# ball phython



## redbellypacu (Sep 21, 2003)

i just bought my ball python a bigger tank and set it up so that i can put him into it when he getts bigger it is a 33 long but the humidity is not staying up what can i do to keep my humidity level up. i misted it it went up to 60 then 30 mins later it was down to 30 and that is not good since the tank he is in is always at 60 percent humidity so i was just wondering what i could do to keep it up before i put him it to it. thanks.


----------



## WolfFish (Jun 30, 2004)

I don't know much about keeping snakes, and all i can suggest is putting in a bigger water tray. If you put half of it over the heat mat (if you have one) it will evaporate quicker and this should increase the humidity. However it may fog up the glass if you put too much over the heat, so try moving the dish around until you get the right balance.


----------



## Carnivoro (Oct 12, 2003)

What do you have in the top?


----------



## Burf (Nov 3, 2003)

Carnivoro said:


> What do you have in the top?


 Yeah, what sort of lid do you have on the tank?

Wolffish is right. probable the best way of maintaining humidity would be to place a waterdish above a heatmat.


----------



## Guest (Jul 17, 2004)

There is a number of things you can do. You can use an air-bubbler and an air stone to make bubbles in the water dish. The spatter and surface movement of the water will increase the humidity.
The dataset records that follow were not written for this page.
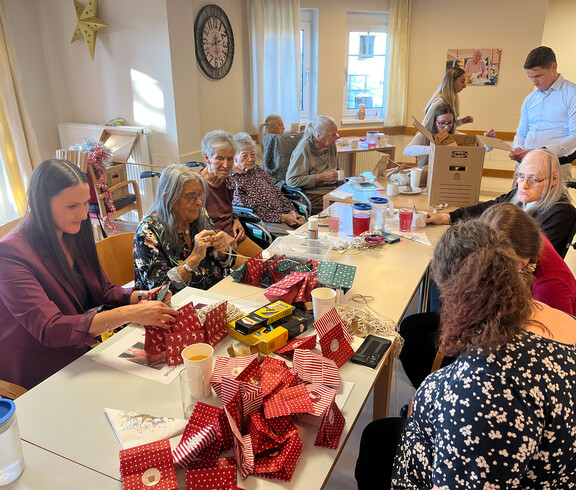 Gruppe gestaltet Adventkalender mit bunten Papiersäckchen und Bastelmaterial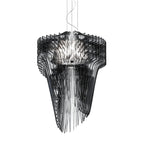A smoky black acrylic fringe pendant from Clérachic, with a looped cable at the top and layered fins round a bright core.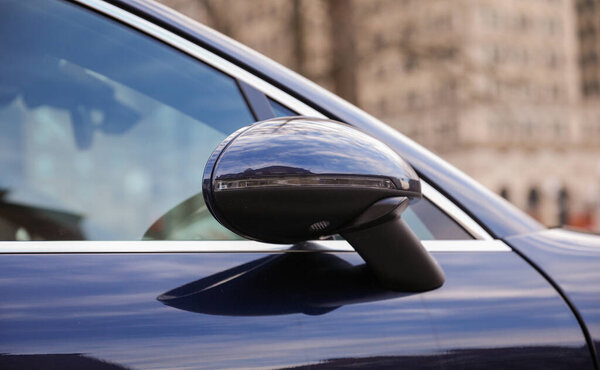 Car mirror in a stock photo symbolizes reflection, perspective, and awareness. It represents the importance of looking back, being mindful of surroundings, and gaining insights from past experiences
Also, a specialized "humidity chamber" will work well. It's a large tupper-ware container with a hole cut in it. The container can be half filled with a very moist substrate such as shredded coconut coir (Bed-A-Beast) or spaghum moss. The snake enters and leaves the container as he sees fit.


----------



## Burf (Nov 3, 2003)

Bullsnake said:


> There is a number of things you can do. You can use an air-bubbler and an air stone to make bubbles in the water dish. The spatter and surface movement of the water will increase the humidity.
> 
> Also, a specialized "humidity chamber" will work well. It's a large tupper-ware container with a hole cut in it. The container can be half filled with a very moist substrate such as shredded coconut coir (Bed-A-Beast) or spaghum moss. The snake enters and leaves the container as he sees fit.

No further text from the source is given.